External supervision also takes the mental load off managers & team leaders so they can better focus on the organisational needs of the service or agency. This is an important highlight to make because managers often do not have the training or skills to provide clinical supervision & due to their position description & expectations they must focus on the admin & program side of supervision. This means case load, case notes & referrals, key performance indicators & funding body evaluations. Often these supervisors are not social work qualified or perhaps have been in management positions for some time & are removed from their social work identity & cannot provide up to date & relevant supervision from this perspective.

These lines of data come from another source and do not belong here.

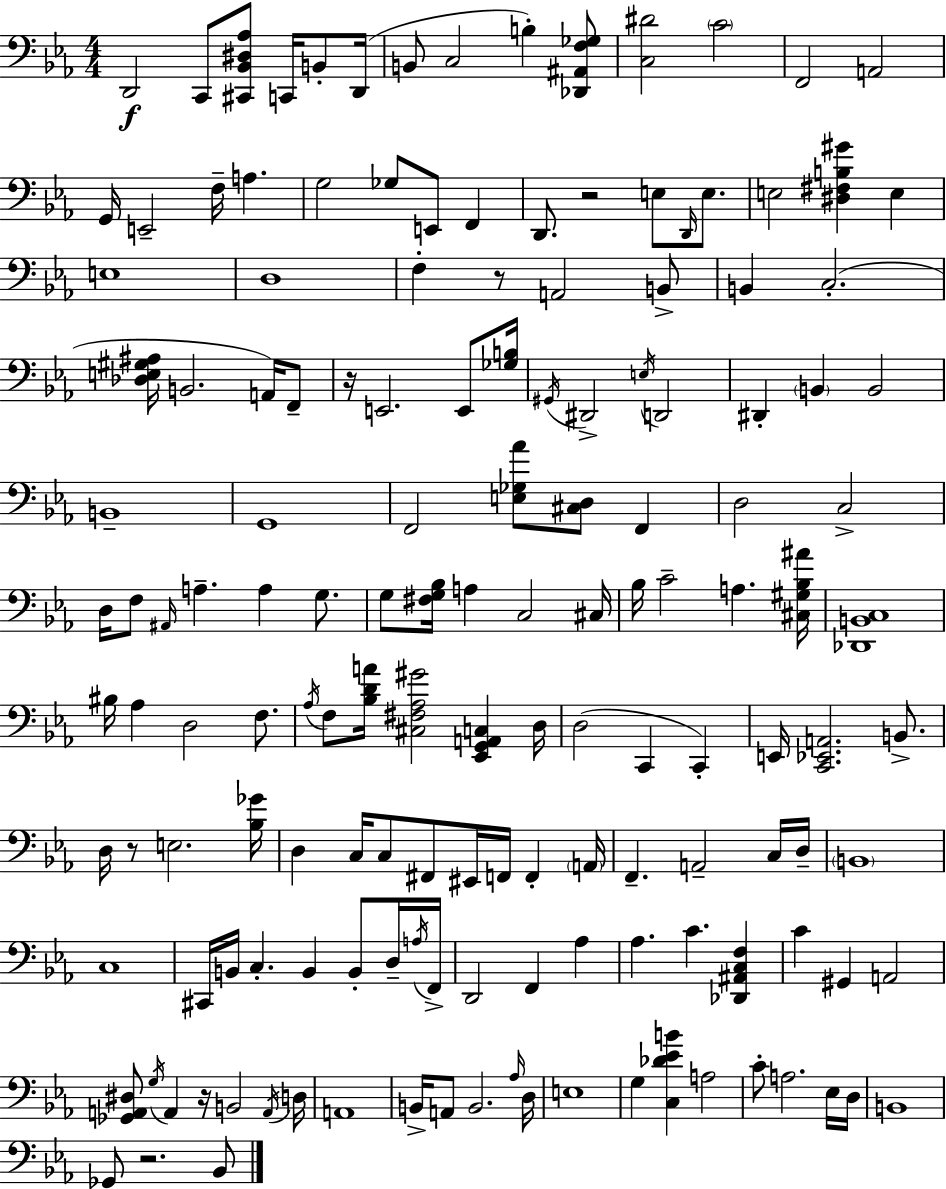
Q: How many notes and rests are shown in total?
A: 153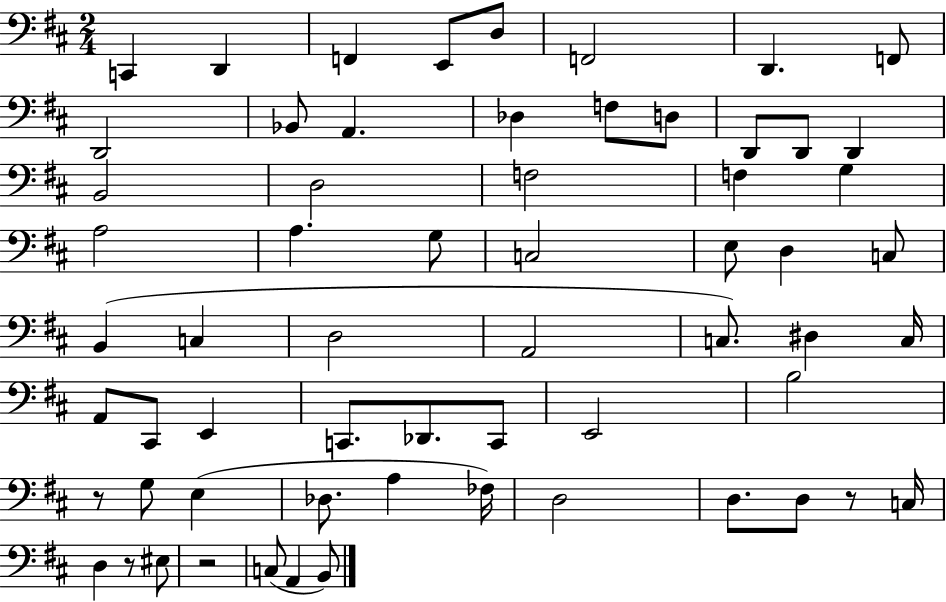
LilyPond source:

{
  \clef bass
  \numericTimeSignature
  \time 2/4
  \key d \major
  \repeat volta 2 { c,4 d,4 | f,4 e,8 d8 | f,2 | d,4. f,8 | \break d,2 | bes,8 a,4. | des4 f8 d8 | d,8 d,8 d,4 | \break b,2 | d2 | f2 | f4 g4 | \break a2 | a4. g8 | c2 | e8 d4 c8 | \break b,4( c4 | d2 | a,2 | c8.) dis4 c16 | \break a,8 cis,8 e,4 | c,8. des,8. c,8 | e,2 | b2 | \break r8 g8 e4( | des8. a4 fes16) | d2 | d8. d8 r8 c16 | \break d4 r8 eis8 | r2 | c8( a,4 b,8) | } \bar "|."
}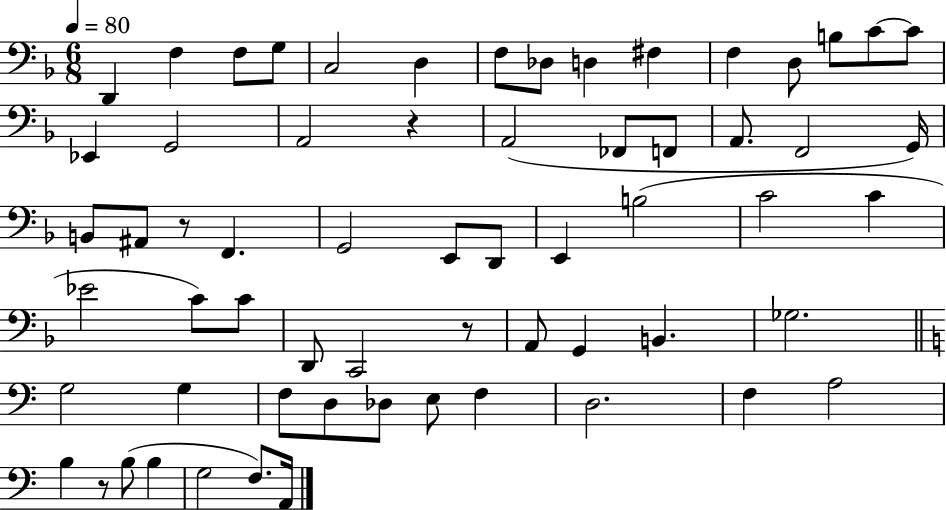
{
  \clef bass
  \numericTimeSignature
  \time 6/8
  \key f \major
  \tempo 4 = 80
  \repeat volta 2 { d,4 f4 f8 g8 | c2 d4 | f8 des8 d4 fis4 | f4 d8 b8 c'8~~ c'8 | \break ees,4 g,2 | a,2 r4 | a,2( fes,8 f,8 | a,8. f,2 g,16) | \break b,8 ais,8 r8 f,4. | g,2 e,8 d,8 | e,4 b2( | c'2 c'4 | \break ees'2 c'8) c'8 | d,8 c,2 r8 | a,8 g,4 b,4. | ges2. | \break \bar "||" \break \key c \major g2 g4 | f8 d8 des8 e8 f4 | d2. | f4 a2 | \break b4 r8 b8( b4 | g2 f8.) a,16 | } \bar "|."
}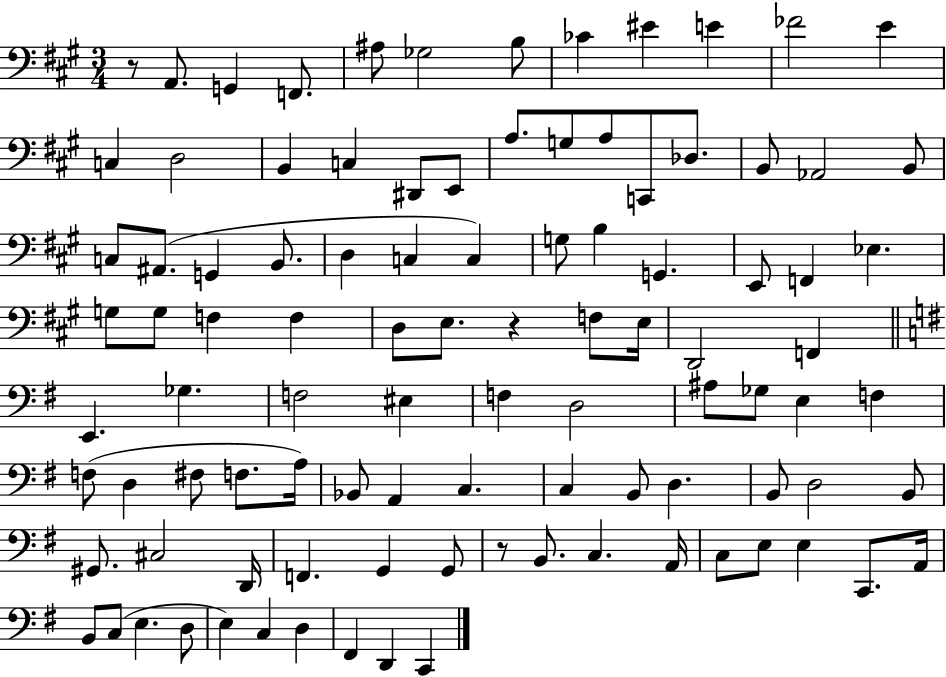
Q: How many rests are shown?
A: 3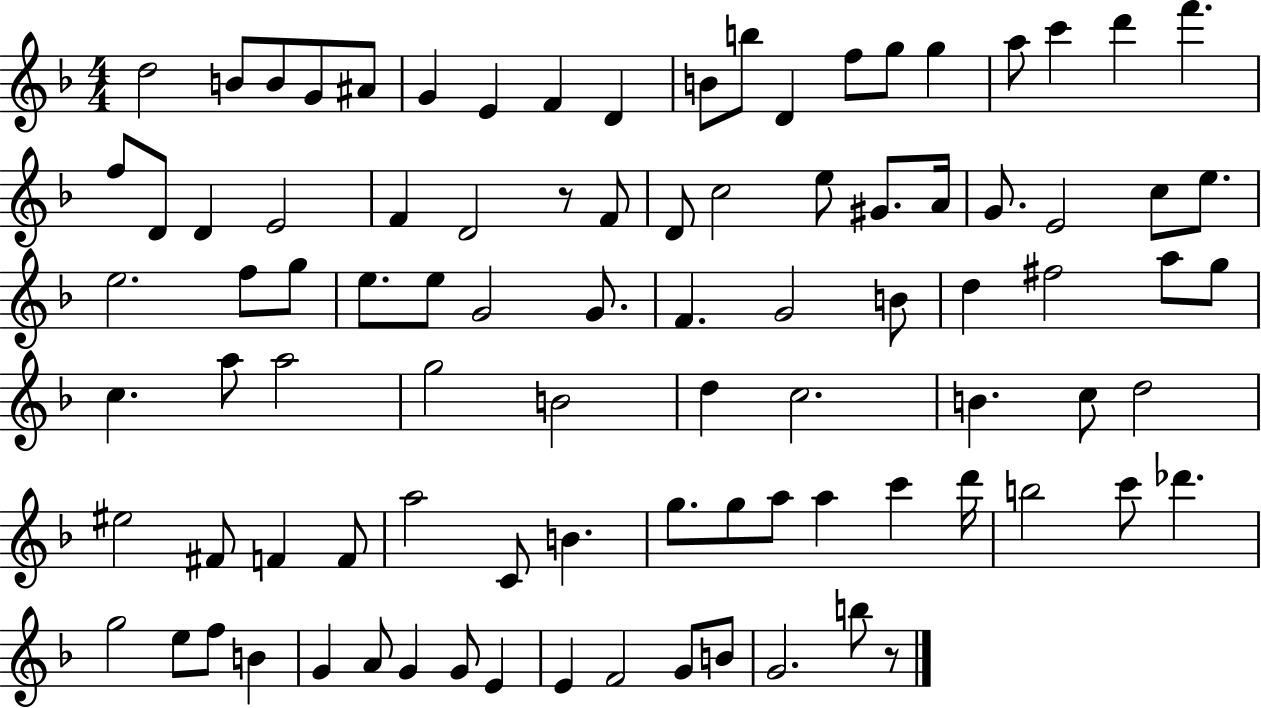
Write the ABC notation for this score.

X:1
T:Untitled
M:4/4
L:1/4
K:F
d2 B/2 B/2 G/2 ^A/2 G E F D B/2 b/2 D f/2 g/2 g a/2 c' d' f' f/2 D/2 D E2 F D2 z/2 F/2 D/2 c2 e/2 ^G/2 A/4 G/2 E2 c/2 e/2 e2 f/2 g/2 e/2 e/2 G2 G/2 F G2 B/2 d ^f2 a/2 g/2 c a/2 a2 g2 B2 d c2 B c/2 d2 ^e2 ^F/2 F F/2 a2 C/2 B g/2 g/2 a/2 a c' d'/4 b2 c'/2 _d' g2 e/2 f/2 B G A/2 G G/2 E E F2 G/2 B/2 G2 b/2 z/2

Managers also often do not have supervision worked into their FTE meaning although supervision has a policy for once per month this is often rescheduled & pushed back because more pressing issues arise. There is also a chance that supervision upskilling is not in their FTE & the PD needed to retain the level of skill in practice to provide clinical supervision is not possible.
External supervisors include PD as part of their own practice, I am constantly attending webinars, reading & attending my own supervision to ensure I have the skills & current knowledge to provide what is necessary to my supervisee's. It is important here to highlight the need to check with your supervisor their qualifications & skillset to ensure they are a good fit for you & are indeed practicing from an ethical & best practice position also.